Experimental study on pressure evolution of detonation waves penetrating into water

Abstract

Propagation of detonation waves crossing the gas–liquid interface is a basic phenomenon worth studying for underwater detonation engines. In this work, the pressure evolution of detonation waves penetrating into water is theoretically and experimentally investigated. The one-dimensional shock wave theory is adopted to solve the pressure–velocity relations of the reflected and transmitted shock wave in different mediums. Experiments under different filling pressure are performed based on a two-phase shock tube system. Theoretical results show that the range of pressure rise ratios between the detonation and transmitted wave is 2.40–2.50. Its trend is determined by the total atoms number of fuel under low filling pressure, but dominated by the ratio of C/H atoms under high filling pressure. Experimental results demonstrate that pressure rise ratios are in good agreement with the theoretical values.
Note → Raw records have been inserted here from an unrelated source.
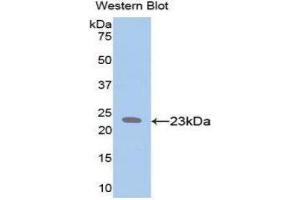 Western Blotting (WB) image for anti-Elastin (ELN) (AA 392-645) antibody (ABIN1858709) (Elastin antibody  (AA 392-645))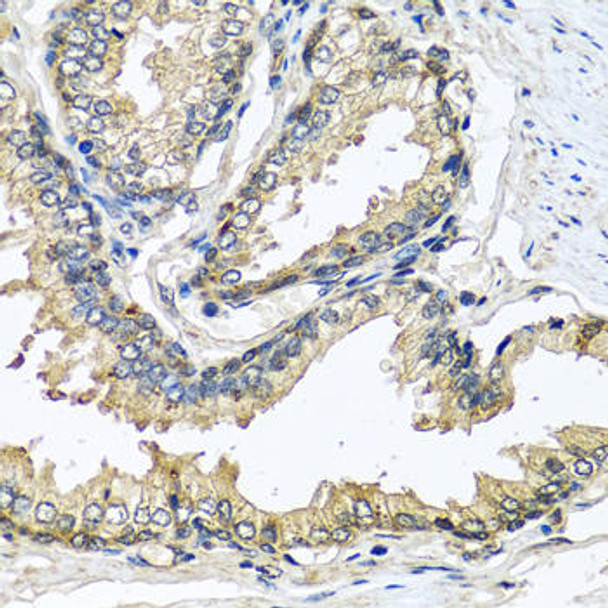 Cell Biology Antibodies 10 Anti-CST1 Antibody CAB6570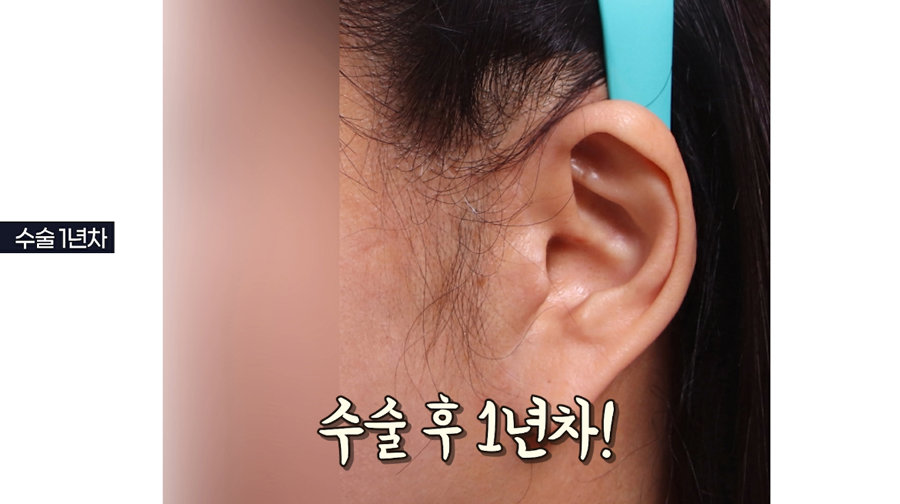 안면거상회복과정, 흉터 아무는 시기 관련 이미지 7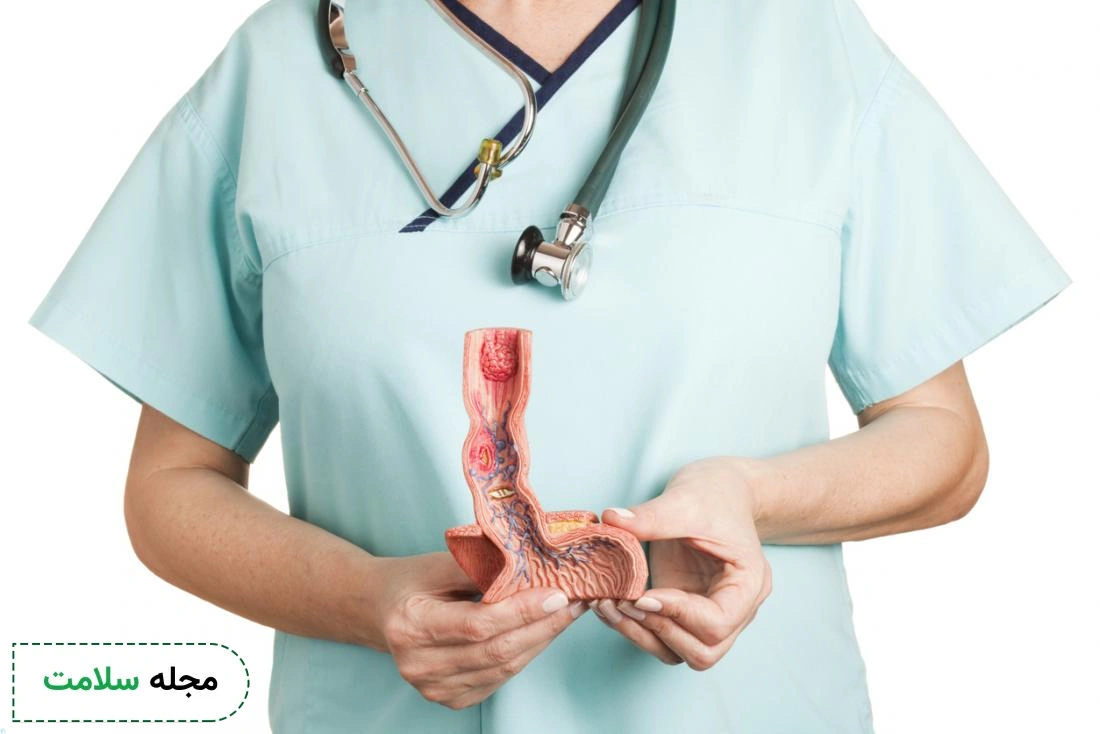 esophageal ulcer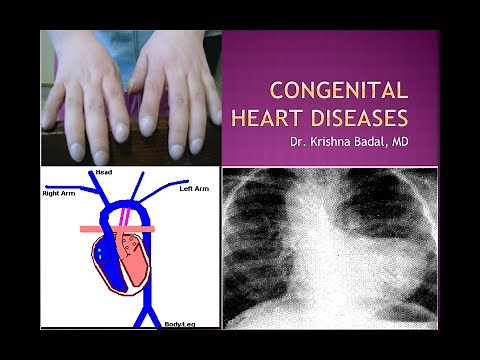 Congenital heart diseases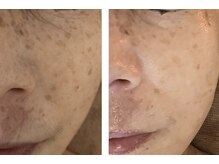 エステ2回　石鹸、美容液、お化粧水使用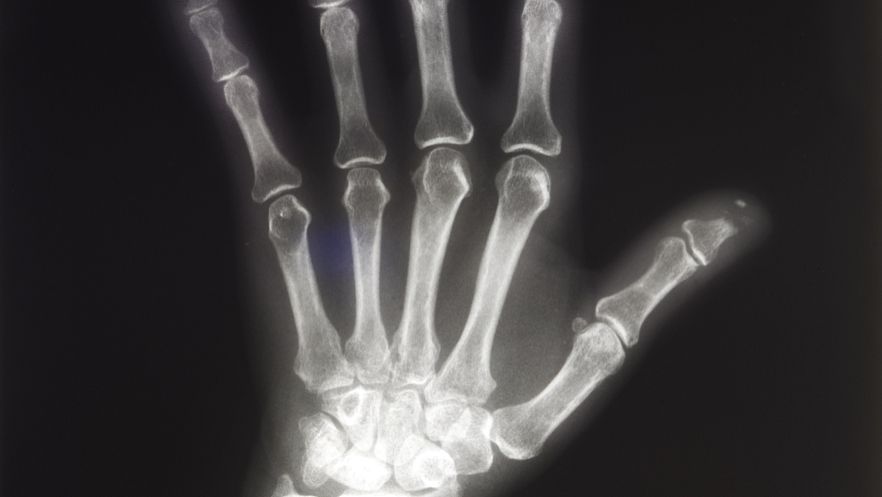 SLU-PP-332 Capsules suppliers | Shaanxi BLOOM Tech Co., Ltd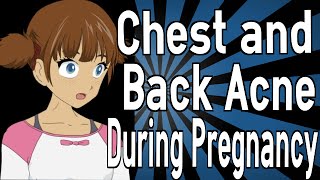Chest and Back Acne During Pregnancy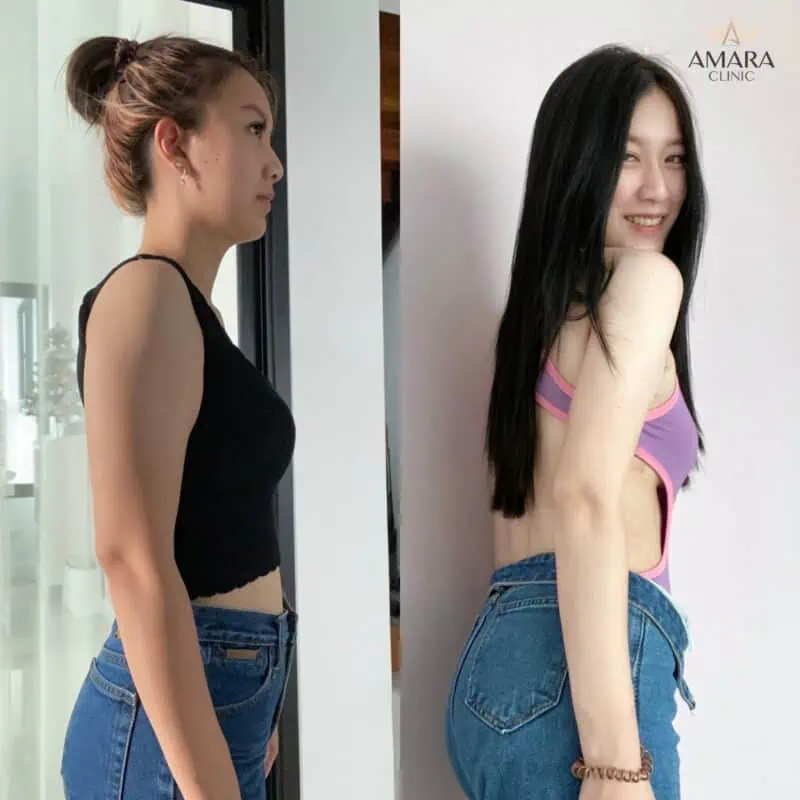 ดูดไขมันต้นแขน amara clinic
There are similar attenuation laws (decay to 50% in 0.3 ms) for subsequent pressure development after those two waves. Under the interface effect, the transmitted wave is stretched and the pressure zone becomes wider. The difference of acoustic impedance between two phases leads to wave property changes at the interface and exit. These changes result in the reciprocating cavitation zones and reformed shock waves in the water, greatly influencing the water pressure.